» **SUPPLIED INFORMATION**:
##########

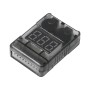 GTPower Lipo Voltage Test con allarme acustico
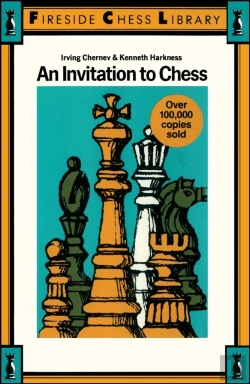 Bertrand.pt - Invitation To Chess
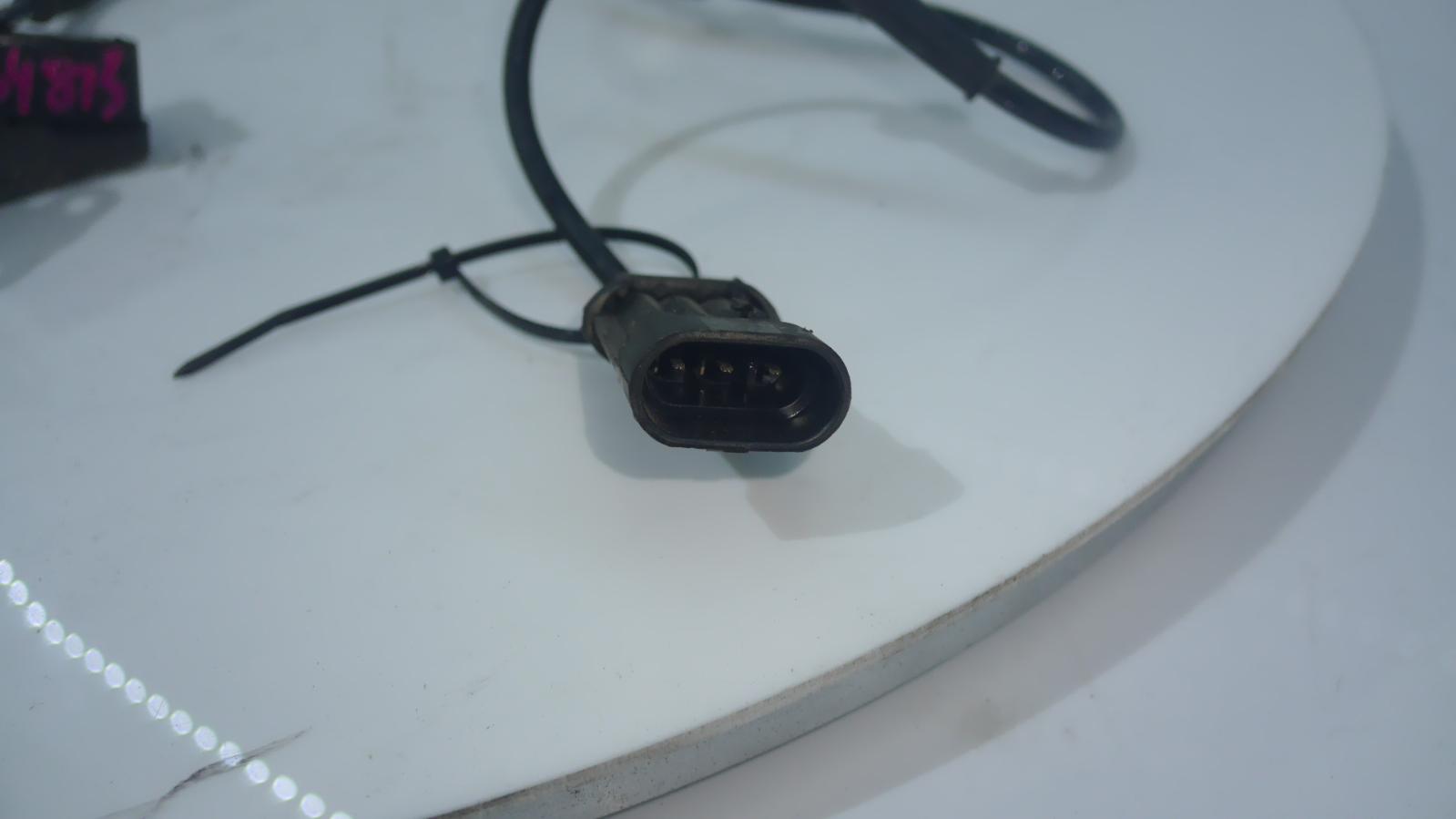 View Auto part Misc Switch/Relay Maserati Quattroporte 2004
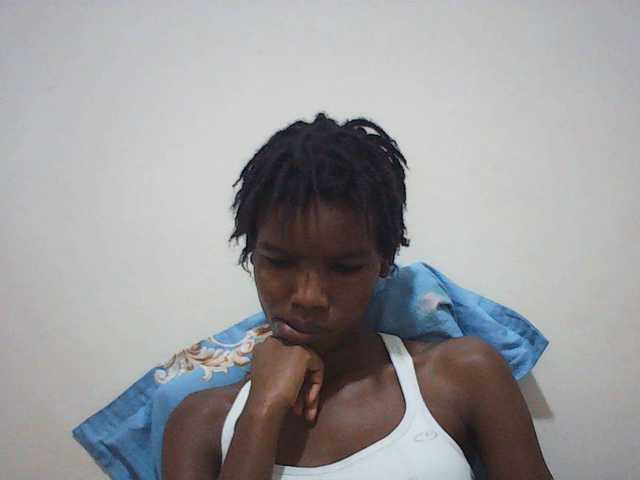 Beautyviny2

##########

What you output must match the data exactly, apart from the pictures, which are left out.

» **SOLUTION BELOW**:
 GTPower Lipo Voltage Test con allarme acustico
 Bertrand.pt - Invitation To Chess
 View Auto part Misc Switch/Relay Maserati Quattroporte 2004
 Beautyviny2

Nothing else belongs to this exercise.